The Australian Competition and Consumer Commission yesterday accepted a joint functional separation undertaking from Uniti Group, the first undertaking the ACCC has accepted since the new separation rules came into effect in late August this year.

Under the new rules, superfast broadband network operators are no longer required to operate on a wholesale-only basis if they obtain ACCC approval to operate separate wholesale and retail businesses on a functionally separated basis. This is intended to provide greater commercial flexibility for superfast network operators and promote infrastructure-based competition.

Following the ACCC’s acceptance of the undertaking, Uniti must offer wholesale access to third-party access seekers on the same terms as it provides to its own retail service providers.

Uniti is required to maintain strict arms-length separation arrangements between its wholesale and retail business units and has committed to strong protections to prevent confidential information being passed between these business units, including the use of separate business and operating systems.

These commitments should ensure equivalence of network access for RSPs and promote downstream competition over the ten year duration of the undertaking.

The new separation rules also empower the ACCC to determine a model set of terms for standard functional separation undertakings and a class exemption for small operators.

On 16 October 2020, the ACCC released a final deemed functional separation undertaking instrument.
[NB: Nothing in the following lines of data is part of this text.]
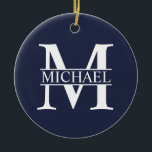 Blå Personlig Monogram och Namn Julgransprydnad Keramik<br><div class="desc">Personlig Monogram- och Namn-gåvor med personlig vit monogram i klassiskt serif font stil med box av namn i mitten på monogram på marin blå bakgrund.</div>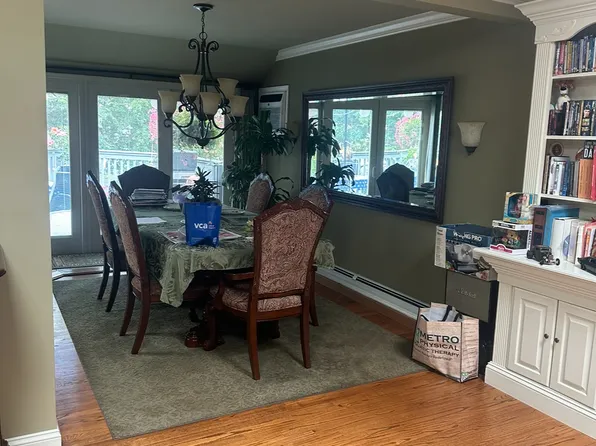 (undisclosed Address), Islip Terrace, NY 11752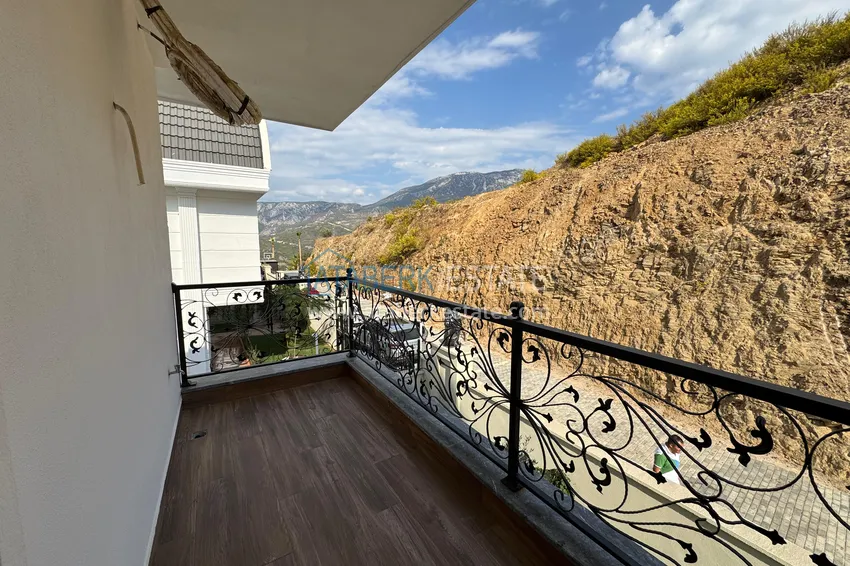 Purchase Real estate for citizenship! Detached luxury villa with stunning views in Kargicak 46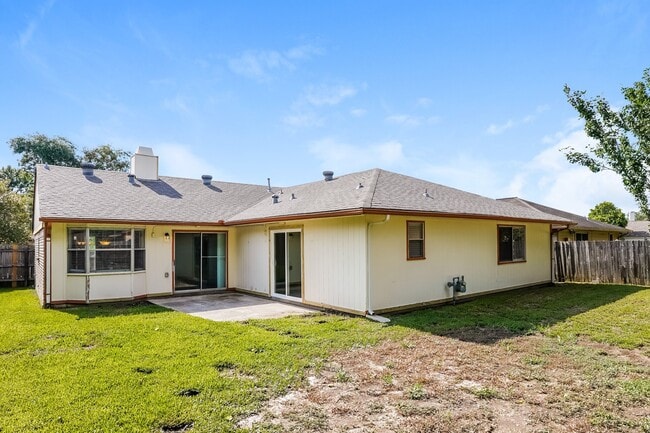 Building Photo - 12011 Pecan Meadow Dr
Superfast broadband network operators supplying services to no more than 50,000 residential customers may elect to be bound by this instrument instead of submitting their own customised undertakings to the ACCC for approval.

The ACCC also made a class exemption instrument in August this year. This instrument allows corporations that supply fixed-line carriage services to no more than 2000 residential customers to elect to be exempt from the new separation requirements.

The ACCC will publish a list of all functional separation undertakings that it has accepted, including from corporations that have elected to be bound by the deemed undertaking, and a list of network operators electing to be bound by the class exemption, on our public registers.